This is an ambitious and complex building achieved on and maximising an unprepossessing urban site. It is a clever development by an architect-client couple for a mix of uses including their home and office. It is on five floors over a basement and completely fills its corner site. The mix includes four dwellings: the house over three floors, three small flats, the architects’ own studio on the first floor and an Art Gallery on the ground floor and basement. In section the scheme skilfully adjusts the floor heights, creating taller spaces for the gallery, the studio and the principal living space.
Organisationally a complex brief has been dealt with to provide a clear and simple set of complimentary uses, each of which works well on its own and as a whole.
The top floor apartment is accessed via a dual entry lift, which connects directly into the living space as well as by a castle-like spiral stair. The studio and Gallery and the other two flats have separate stairs and entrances from the street, but are connected by the same lift.

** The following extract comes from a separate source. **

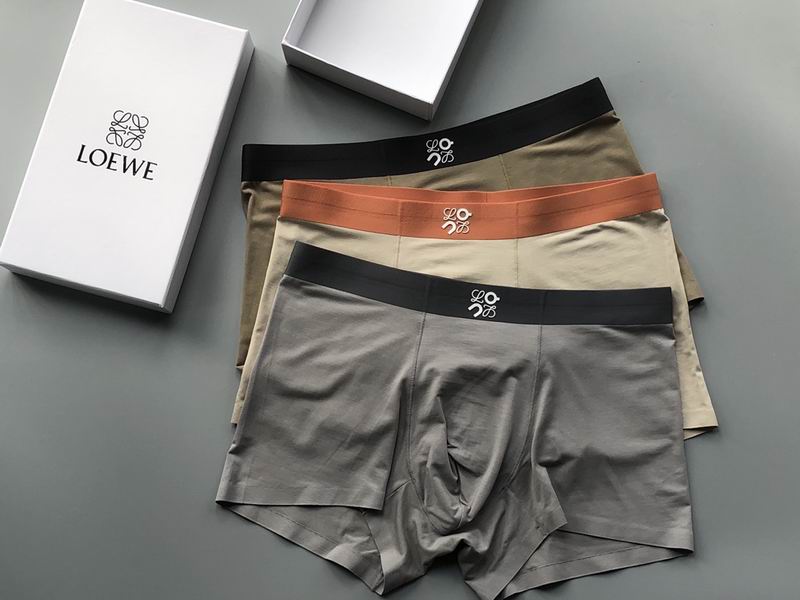 Loewe boxer L-4XL 04 (2)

The building is an impressive achievement and has taken ten years to realise. The architects have found a way of developing a tight, difficult site in a way that is both spatially and aesthetically rich. It is a relevant piece of city-making that is ordinary in its programme yet is executed with extraordinary care and judgement. Bateman’s Mews is adaptable to reuse over time as needs change: not just the separation of the young people’s (2nd) floor as a separate flat with its own entrance door but one could imagine the first floor office being converted into a flat or the ground floor and basement into retail or office accommodation. This is the kind of building London – and a depressed market – need a lot more of.